Single by King Gizzard & the Lizard Wizard

from the album Alien Metal
- Released: 28 July 2026
- Genre: Techno; dark electro;
- Length: 5:08
- Label: P(doom)
- Songwriters: Joey Walker; Stu Mackenzie;

King Gizzard & the Lizard Wizard singles chronology
| "Level 5" (2026) | "Alien Metal" (2026) | "Kill For The Steel" (2026) |

Visualizer
- "Alien Metal" on YouTube

= Alien Metal (song) =

2026 single by King Gizzard & the Lizard Wizard

"Alien Metal" is the second single and title track from the album Alien Metal by the rock band King Gizzard & the Lizard Wizard. It was a surprise release.

== Background ==
The song was built on the band’s custom built modular synth, being written and recorded entirely on the modular synth set-up, named "Nathan".

== Reception ==
Stereogum raved about the track saying "Much like "Level 5", King Gizzard's new track is an extremely fun piece of brain-busting early-'90s techno catharsis with some of the wiggy melodic choices that only this group would've made", before also stating "Both of King Gizzard's new singles could've worked as soundtracks for nightclub shootouts in B-level '90s action movies, and I mean that as the highest compliment". Consequence of Sound had similar comments to Stereogum, stating the song was "a five minute kaleidoscopic trip through crunchy techno with ethereal vocals and synasthesia-inducing melodies". "Alien Metal is a pummeling techno concoction that could perfectly soundtrack the next Blade film" said The Note in their publication about the track's release.

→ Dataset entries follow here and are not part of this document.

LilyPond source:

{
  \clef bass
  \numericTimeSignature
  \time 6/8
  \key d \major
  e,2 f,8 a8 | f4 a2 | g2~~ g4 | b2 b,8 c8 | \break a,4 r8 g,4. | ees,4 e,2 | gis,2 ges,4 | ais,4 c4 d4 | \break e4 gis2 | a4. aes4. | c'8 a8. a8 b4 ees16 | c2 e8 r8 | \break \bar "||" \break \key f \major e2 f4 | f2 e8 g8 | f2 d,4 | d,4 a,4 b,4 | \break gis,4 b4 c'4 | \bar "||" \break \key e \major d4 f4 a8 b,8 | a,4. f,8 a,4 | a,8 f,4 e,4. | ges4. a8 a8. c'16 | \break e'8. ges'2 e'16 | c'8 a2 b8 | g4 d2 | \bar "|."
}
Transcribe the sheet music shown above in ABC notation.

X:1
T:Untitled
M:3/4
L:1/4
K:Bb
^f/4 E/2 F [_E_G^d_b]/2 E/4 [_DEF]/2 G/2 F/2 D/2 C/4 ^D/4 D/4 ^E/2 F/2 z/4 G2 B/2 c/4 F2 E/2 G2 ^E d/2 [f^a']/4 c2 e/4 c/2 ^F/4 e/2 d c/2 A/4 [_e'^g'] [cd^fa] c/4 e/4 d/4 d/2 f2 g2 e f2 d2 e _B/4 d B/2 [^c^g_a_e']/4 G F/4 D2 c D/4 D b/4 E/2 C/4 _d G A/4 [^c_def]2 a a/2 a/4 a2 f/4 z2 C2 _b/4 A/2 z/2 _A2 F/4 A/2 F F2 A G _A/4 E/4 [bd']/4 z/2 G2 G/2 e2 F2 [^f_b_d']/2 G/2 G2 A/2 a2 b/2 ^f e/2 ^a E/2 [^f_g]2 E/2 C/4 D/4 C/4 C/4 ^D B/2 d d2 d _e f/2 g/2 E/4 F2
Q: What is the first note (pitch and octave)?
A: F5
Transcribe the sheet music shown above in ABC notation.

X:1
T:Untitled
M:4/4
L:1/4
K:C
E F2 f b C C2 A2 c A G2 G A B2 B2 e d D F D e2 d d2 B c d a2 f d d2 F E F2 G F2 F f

Glide Magazine described the song as a "full-on electronic smasher" that comes from "the dark heart of electronic dance music". Line of Best Fit similarly stated that the song "delves deeper into their exploration of darker electronic music". Blunt Magazine described the song as "another glimpse into what promises to be one of the band’s boldest releases yet".